**Activity**
Below this line are records; write out exactly the lines from the one containing "Apple-Pear Mascarpone Sandwich" through the one containing "SAMSUNG BRB70F30BES0EO Konyhai", with the pictures left out.

**Records supplied**
········

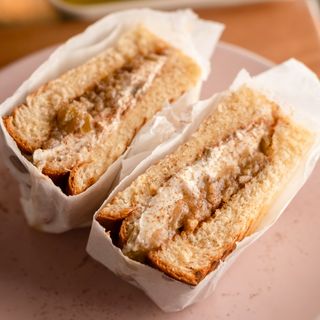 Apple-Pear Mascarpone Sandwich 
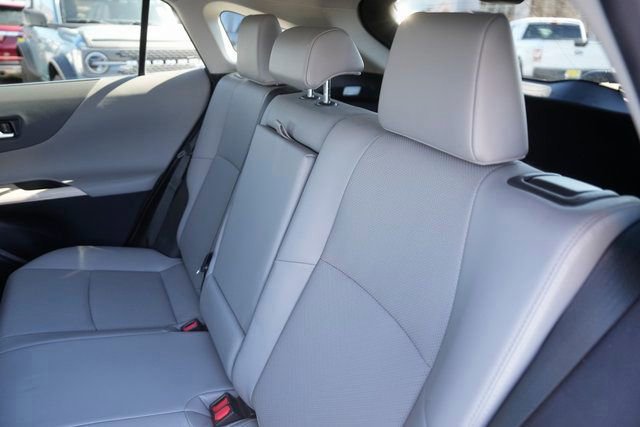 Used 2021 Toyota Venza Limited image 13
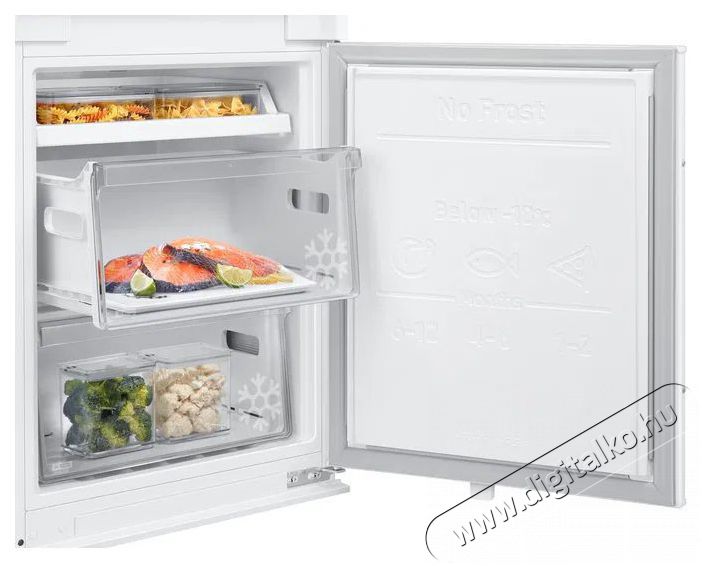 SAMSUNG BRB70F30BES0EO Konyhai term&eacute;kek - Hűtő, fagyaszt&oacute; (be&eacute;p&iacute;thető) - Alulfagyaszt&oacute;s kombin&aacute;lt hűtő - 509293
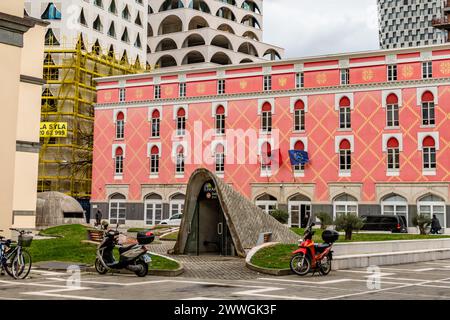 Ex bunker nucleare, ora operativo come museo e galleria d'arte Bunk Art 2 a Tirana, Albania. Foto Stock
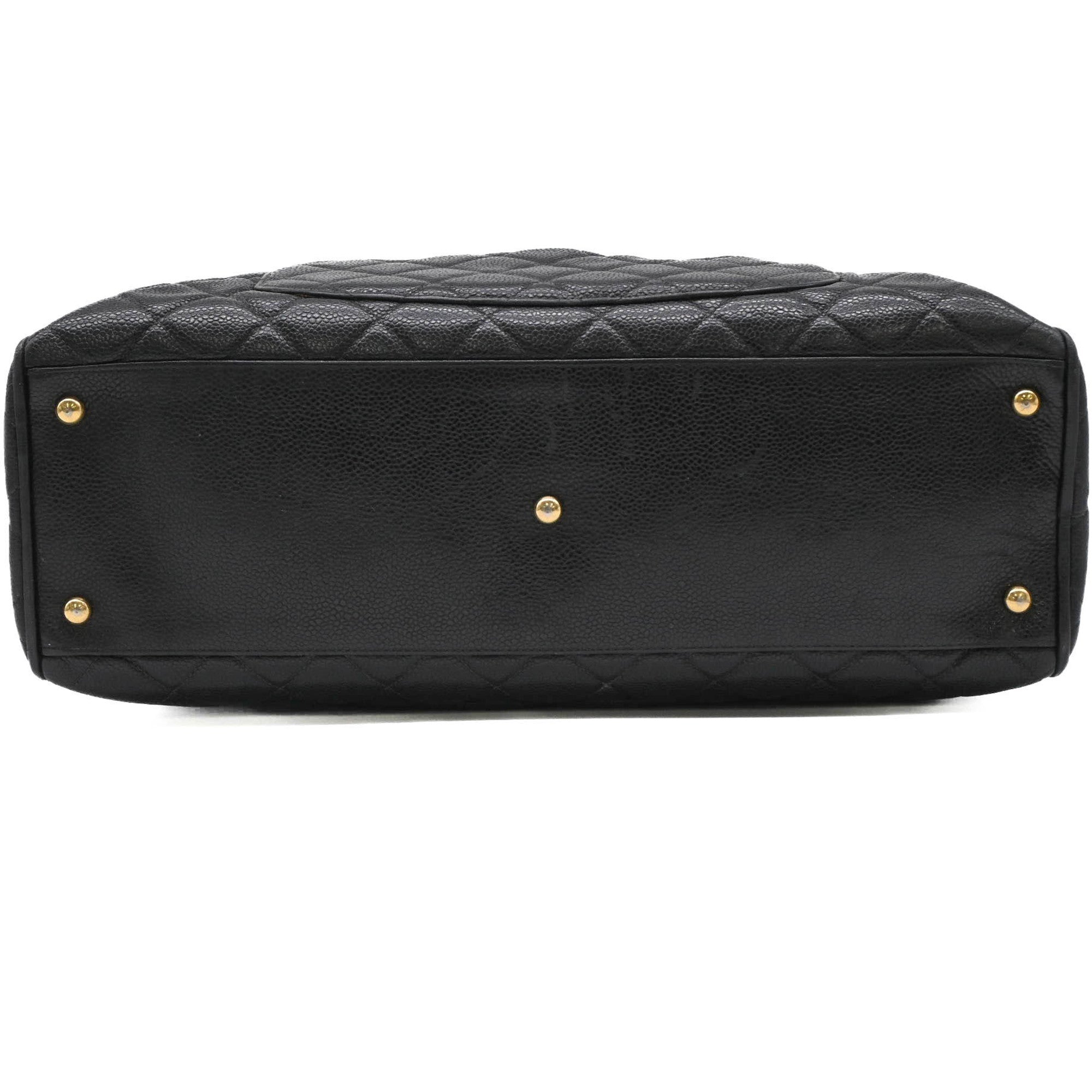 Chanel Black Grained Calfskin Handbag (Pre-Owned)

········

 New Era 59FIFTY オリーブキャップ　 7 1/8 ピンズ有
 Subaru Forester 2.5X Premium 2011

········

**Exercise output**
 Apple-Pear Mascarpone Sandwich 
 Used 2021 Toyota Venza Limited image 13
 SAMSUNG BRB70F30BES0EO Konyhai term&eacute;kek - Hűtő, fagyaszt&oacute; (be&eacute;p&iacute;thető) - Alulfagyaszt&oacute;s kombin&aacute;lt hűtő - 509293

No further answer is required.